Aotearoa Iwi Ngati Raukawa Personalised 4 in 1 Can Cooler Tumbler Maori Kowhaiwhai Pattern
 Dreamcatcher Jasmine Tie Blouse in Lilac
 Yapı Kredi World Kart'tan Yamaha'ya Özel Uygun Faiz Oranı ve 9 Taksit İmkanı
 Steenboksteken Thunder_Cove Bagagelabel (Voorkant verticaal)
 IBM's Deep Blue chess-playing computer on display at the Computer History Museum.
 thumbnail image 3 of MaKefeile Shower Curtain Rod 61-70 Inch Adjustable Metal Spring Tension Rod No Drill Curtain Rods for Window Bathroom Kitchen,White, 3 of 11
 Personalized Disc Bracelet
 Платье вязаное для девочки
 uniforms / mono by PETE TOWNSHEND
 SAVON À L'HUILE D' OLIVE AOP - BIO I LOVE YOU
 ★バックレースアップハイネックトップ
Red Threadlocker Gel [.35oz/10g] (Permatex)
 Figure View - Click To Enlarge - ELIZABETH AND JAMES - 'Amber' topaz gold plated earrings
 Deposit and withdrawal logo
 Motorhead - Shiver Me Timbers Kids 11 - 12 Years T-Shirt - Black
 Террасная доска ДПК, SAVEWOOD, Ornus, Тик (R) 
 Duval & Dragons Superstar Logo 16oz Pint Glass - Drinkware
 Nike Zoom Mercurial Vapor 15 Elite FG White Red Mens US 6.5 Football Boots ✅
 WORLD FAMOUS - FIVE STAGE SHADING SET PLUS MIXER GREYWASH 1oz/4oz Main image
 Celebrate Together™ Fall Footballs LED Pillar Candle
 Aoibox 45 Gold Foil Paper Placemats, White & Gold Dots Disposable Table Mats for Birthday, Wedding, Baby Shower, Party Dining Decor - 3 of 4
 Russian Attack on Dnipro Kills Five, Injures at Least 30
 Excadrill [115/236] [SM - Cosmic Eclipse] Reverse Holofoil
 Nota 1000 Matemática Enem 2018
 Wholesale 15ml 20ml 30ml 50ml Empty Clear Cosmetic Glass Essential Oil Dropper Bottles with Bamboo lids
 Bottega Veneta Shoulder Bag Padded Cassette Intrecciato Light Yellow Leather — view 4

# # # # # # #

Print the line containing "Aoibox 45 Gold", then every line after it through the last line of the records, each exactly as written; nothing else belongs in the answer.

#### Answer to the exercise:
 Aoibox 45 Gold Foil Paper Placemats, White & Gold Dots Disposable Table Mats for Birthday, Wedding, Baby Shower, Party Dining Decor - 3 of 4
 Russian Attack on Dnipro Kills Five, Injures at Least 30
 Excadrill [115/236] [SM - Cosmic Eclipse] Reverse Holofoil
 Nota 1000 Matemática Enem 2018
 Wholesale 15ml 20ml 30ml 50ml Empty Clear Cosmetic Glass Essential Oil Dropper Bottles with Bamboo lids
 Bottega Veneta Shoulder Bag Padded Cassette Intrecciato Light Yellow Leather — view 4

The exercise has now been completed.